:: Task details ::
The required answer is an exact copy of the lines from the one containing "DPR-Pemerintah Sepakat Revisi" to the end of the listing, both included, without any pictures.

:: Recorded data ::
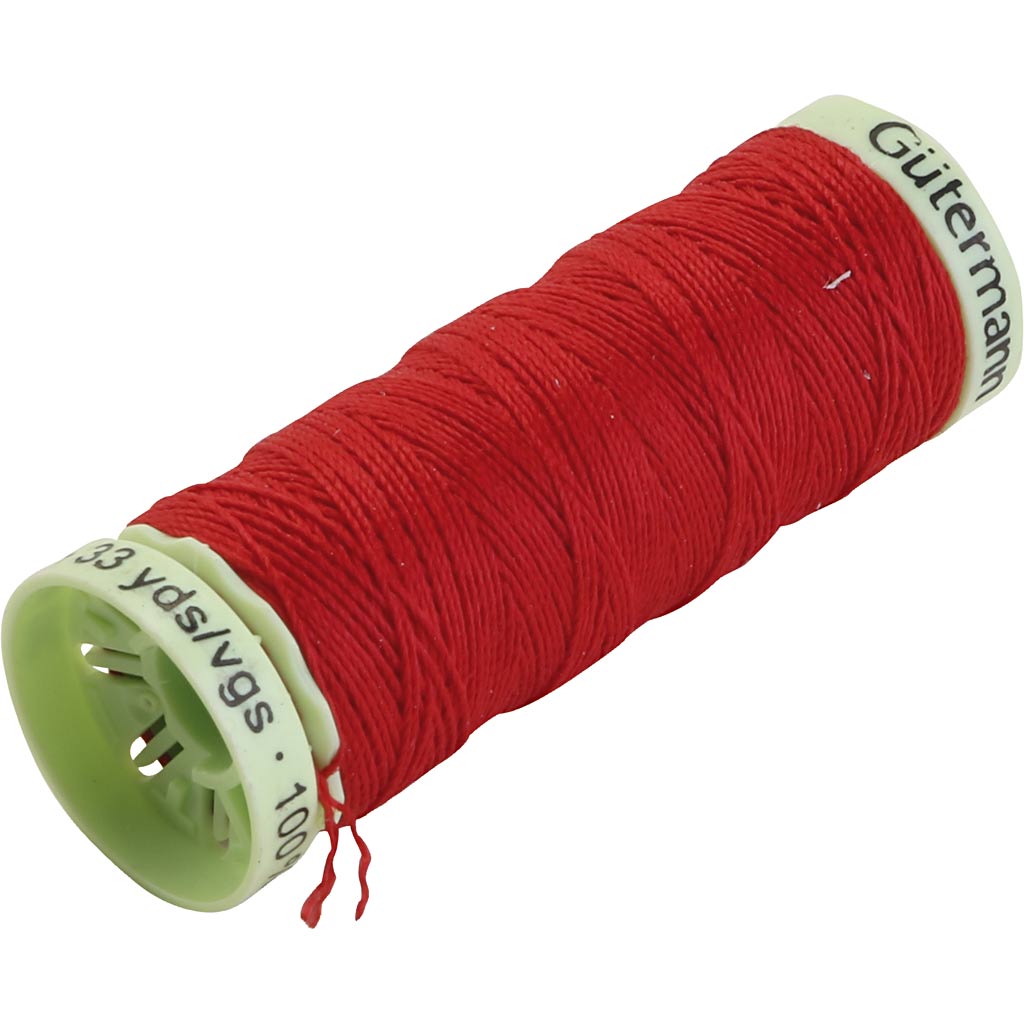 Red, 30 m 1 roll
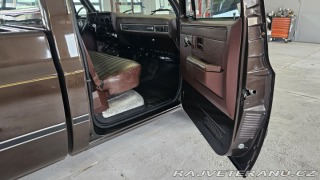 GMC Sierra 2500 - vynikající stav 1984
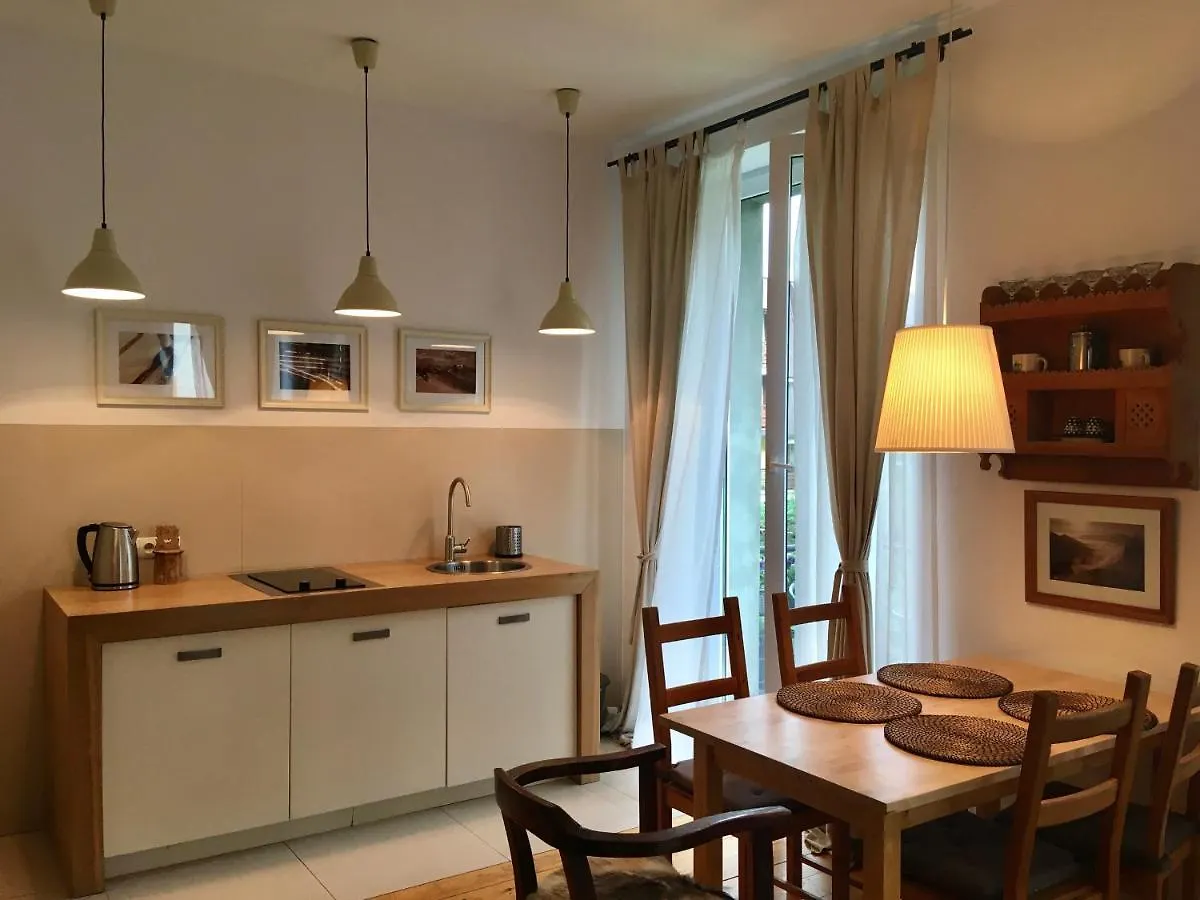 Lejlighed Studio 4U Zakopane Apartzakop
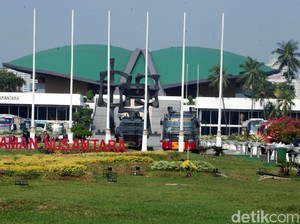 DPR-Pemerintah Sepakat Revisi UU KPK Disahkan di Paripurna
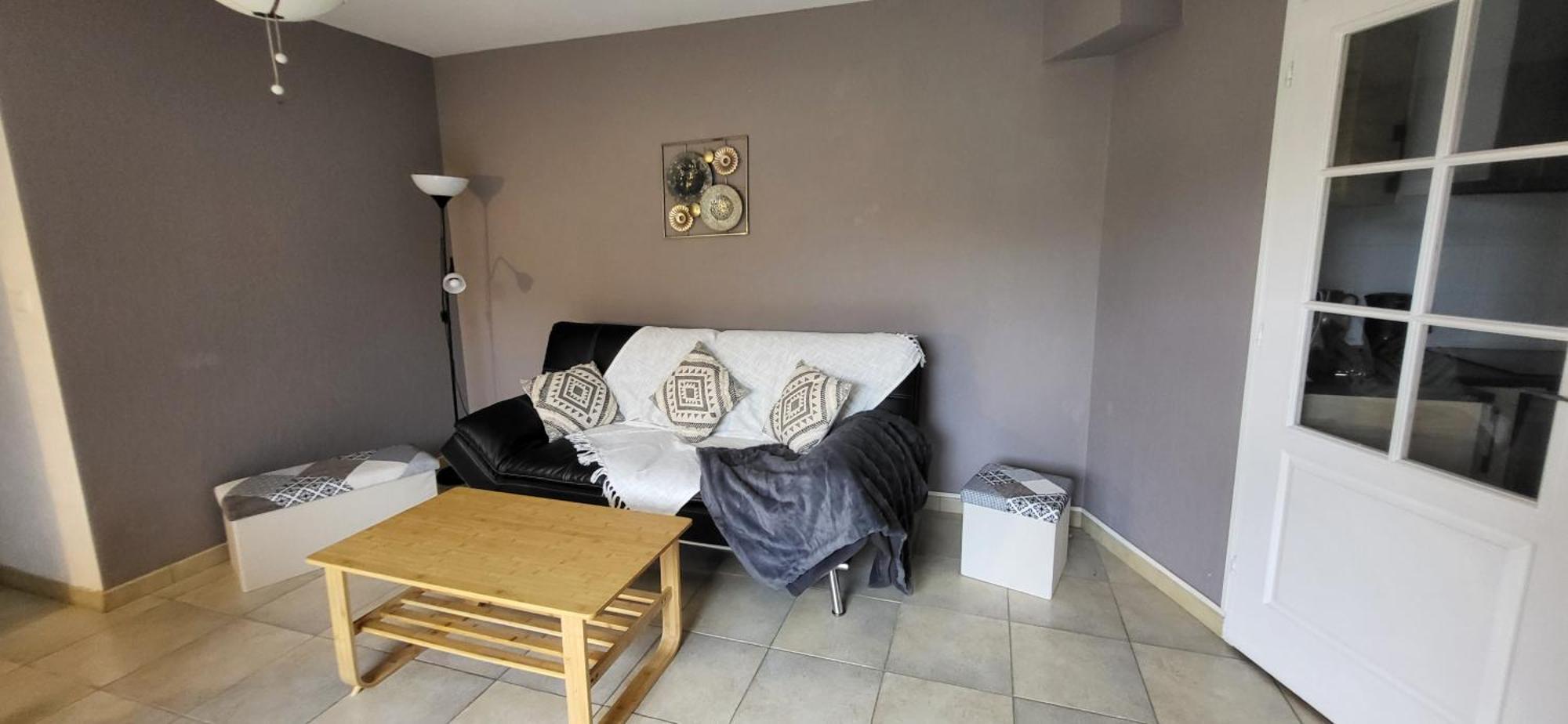 Maison De Plein Pied Avec Jardin Privatif Centre Ville Мили-ла-Форе Екстериор снимка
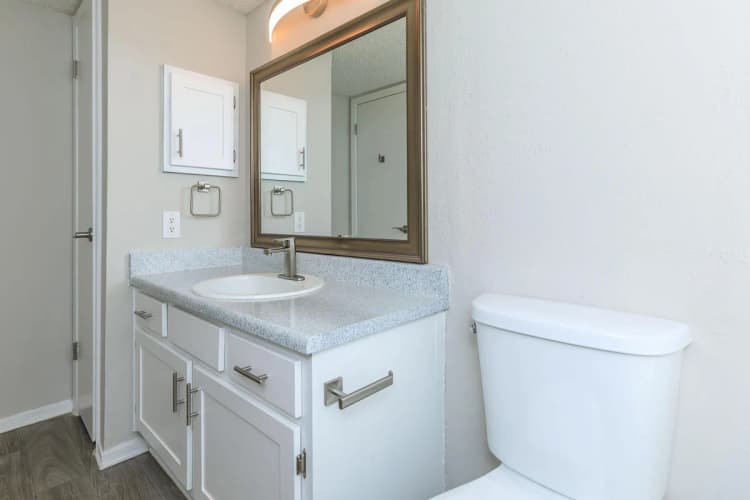 Arlington apartments for rent - image - Harmony Apartments A2 1bd1ba - Bathroom1.jpg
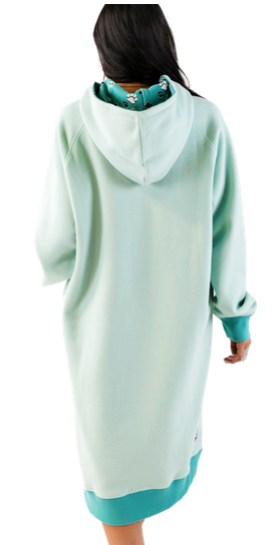 Dog Mom Sleep Hoodie - Hobby Hill Farm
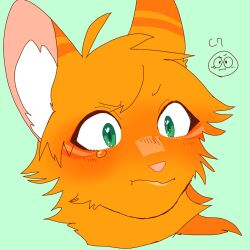 firestar (warrior cats) from warrior cats by neko gokoro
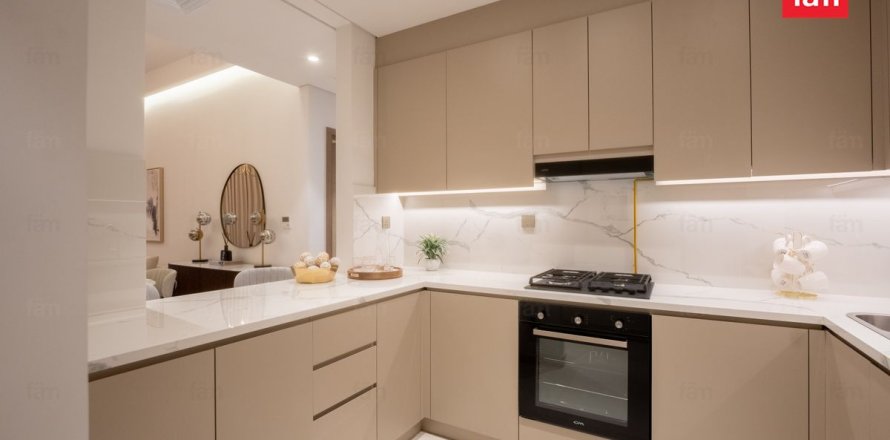 Meydan、Dubai、UAEにあるマンション 2ベッドルーム、118.5 m2 No579051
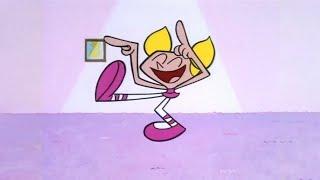 Dexter's Laboratory - Dee Dee's Full Fanciful Unicorn Dance 2023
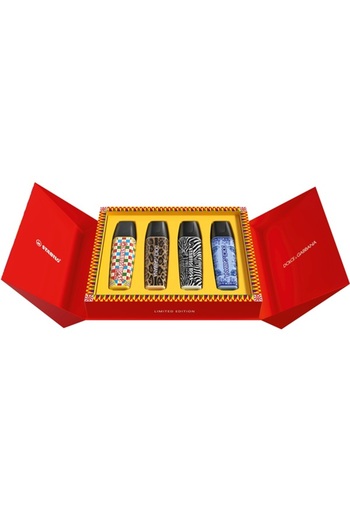Stabilo Boss Original 4-color highlighter set Limited Edition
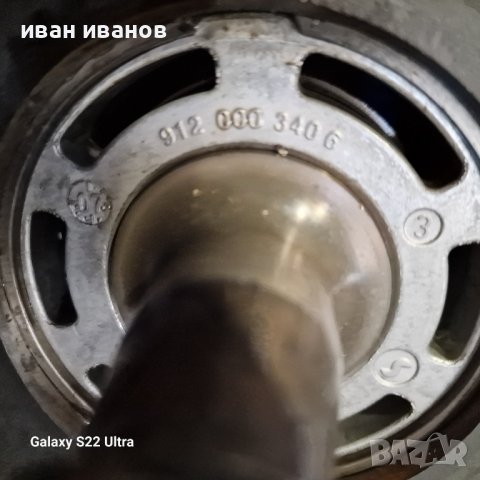 Компресор WABCO, снимка 3 - Компресори - 44150935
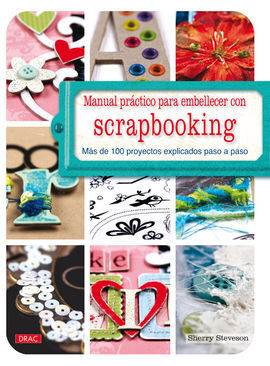 MANUAL PARA EMBELLECER SCRAPBOOKING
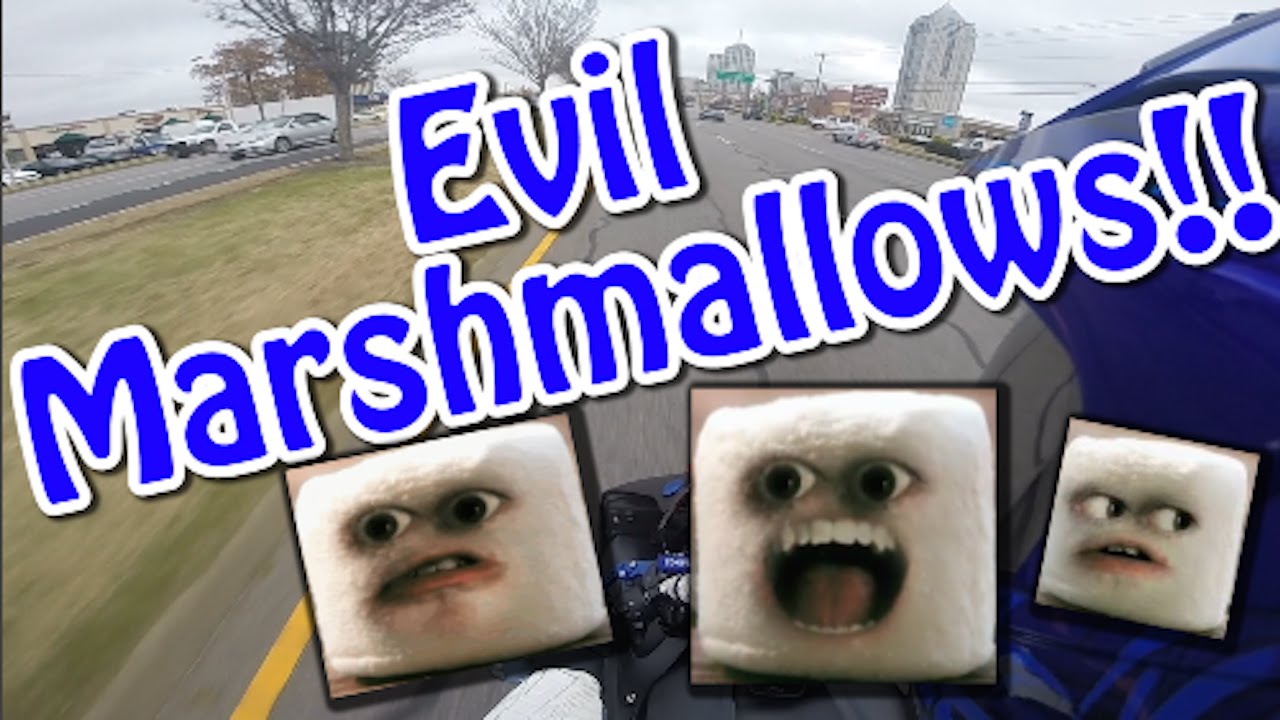 DEATH by Marshmallows!! YouTube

:: Result of the exercise ::
 DPR-Pemerintah Sepakat Revisi UU KPK Disahkan di Paripurna
 Maison De Plein Pied Avec Jardin Privatif Centre Ville Мили-ла-Форе Екстериор снимка
 Arlington apartments for rent - image - Harmony Apartments A2 1bd1ba - Bathroom1.jpg
 Dog Mom Sleep Hoodie - Hobby Hill Farm
 firestar (warrior cats) from warrior cats by neko gokoro
 Meydan、Dubai、UAEにあるマンション 2ベッドルーム、118.5 m2 No579051
 Dexter's Laboratory - Dee Dee's Full Fanciful Unicorn Dance 2023
Stabilo Boss Original 4-color highlighter set Limited Edition
 Компресор WABCO, снимка 3 - Компресори - 44150935
 MANUAL PARA EMBELLECER SCRAPBOOKING
 DEATH by Marshmallows!! YouTube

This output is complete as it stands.